Sull’arte italiana pesa, insomma, la lunga eredità di
un’inadeguata e asfittica politica per il contemporaneo ed essa
è, ancora oggi, un aspetto di quella politica per la cultura
alla quale l’Italia – che pure in prospettiva ha nella cultura
il suo “petrolio” – destina risorse (ancora) largamente
insufficienti. E qui va citato un celebre dato, eloquente più di
tutte le considerazioni. Destiniamo, infatti, al ministero per i
Beni e le Attività culturali meno dello 0,18 del Pil quando
invece gli altri paesi a noi paragonabili destinano allo stesso
comparto l’1 per cento: e cioè 5 volte di più, come Giuliano
Urbani fece notare nell’assumere l’incarico di ministro. Bisogna
riconoscere che egli, nonostante il rigore della scorsa
finanziaria, è riuscito ad assicurare al suo ministero
qualcosina in più: ancora però briciole rispetto alla portata
delle necessità. Che purtroppo non viene percepita in tutta la
sua importanza, facendo così intendere di ritenere cosa
superflua l’aumento di spesa per la cultura, se non la spesa
stessa. E si continua a ripetere che l’Italia (dato non
controllato, forse inventariato ma comunque rappresentativo per
eccesso di una realtà vera) ha nei suoi confini il 60 per cento
del patrimonio storico archeologico artistico del mondo!
Dati e statistiche alla mano, l’interesse dei cittadini per
l’arte contemporanea, anche il più recente, è invece un fenomeno
evidente, misurato dall’influenza di mostre, dalla galassia
delle pubblicazioni, dallo statuto che quest’ambito detiene come
produttore di senso. Ma ciò contrasta col dato secondo il quale
– ed è vero le nostre pubbliche raccolte d’arte, a cominciare
dalla Galleria nazionale d’Arte moderna, di Roma, hanno vistose
lacune nelle loro collezioni perché, soprattutto negli anni
Settanta e Ottanta la politica della lesina ha impedito gli
acquisti di opere: che allora erano ancora possibili e oggi sono
impossibili a causa dei prezzi proibitivi assunti dalle opere
degli artisti – soprattutto stranieri – adesso famosi. Alcune
grandi città – come Napoli, amministrata dal centro-sinistra
pressoché ininterrottamente dal 1975 – non hanno, ad oggi,
neppure una Galleria d’Arte moderna e contemporanea.

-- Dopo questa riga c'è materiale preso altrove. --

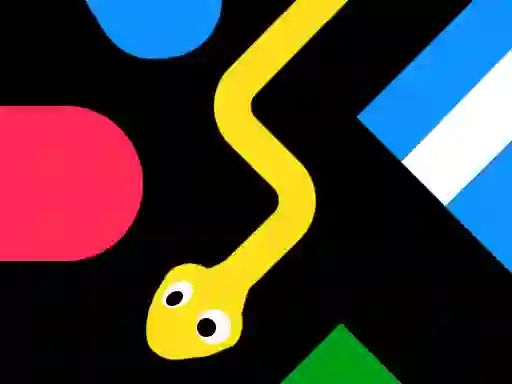 Gêm Color Snake ar-lein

Tuttavia il centro-sinistra – prima con Veltroni ministro dei
Beni culturali e poi con la Melandri che gli succedette – senza
aprezzabilmente modificare il dato di fondo (cioè la troppo
microscopica parte di Pil destinata alla Cultura) seppe mettere
a segno qualche piccolo risultato che parve gigantesco nella
comunicazione. Fu varata un’estrazione speciale settimanale del
Lotto, i cui proventi, in parte, furono destinati ai Beni
culturali (l’Inghilterra sperimentava ciò da decenni con la
British Lottery). Fu varato il progetto per la Galleria d’Arte
contemporanea di Roma (veramente, Centro per le Arti
Contemporanee) firmato dall’architetta iracheno-inglese Zaha
Adid (pronto nel dicembre 2005) e fu istituita presso il
ministero la Darc, Direzione per l’Arte Contemporanea e
l’Architettura: Direzione che con gran clamore fu dotata di otto
milioni d’euro l’anno per acquisti di opere contemporanee. Una
cifra troppo esigua per poter aquistare altro se non opere di
artisti di terza fila. Basta pensare che un quadro di Jasper
Johns o di Willem De Kooning sono costati all’asta
rispettivamente 10 milioni di euro e 13 milioni di euro (e sono
artisti della scuola di New York, anni Cinquanta, che non sono
rappresentati dai nostri musei...). In queste difficoltà
generali, silenziosamente sta oggi lavorando Giuliano Urbani,
modellando una ristrutturazione “leggera” del ministero per
tentare di ridurre il surDaily di burocrazia introdotto dalle
riforme Veltroni e Melandri (è stato annunciato che sarà
eliminato il “soprintente regionale”, funzionario statale che
finiva fatalmente in attrito coi suoi colleghi soprintendenti
tradizionali (all’Archeologia, ai Beni architettonici, ai Beni
museali). Anche l’arte italiana sollecita le sue riforme.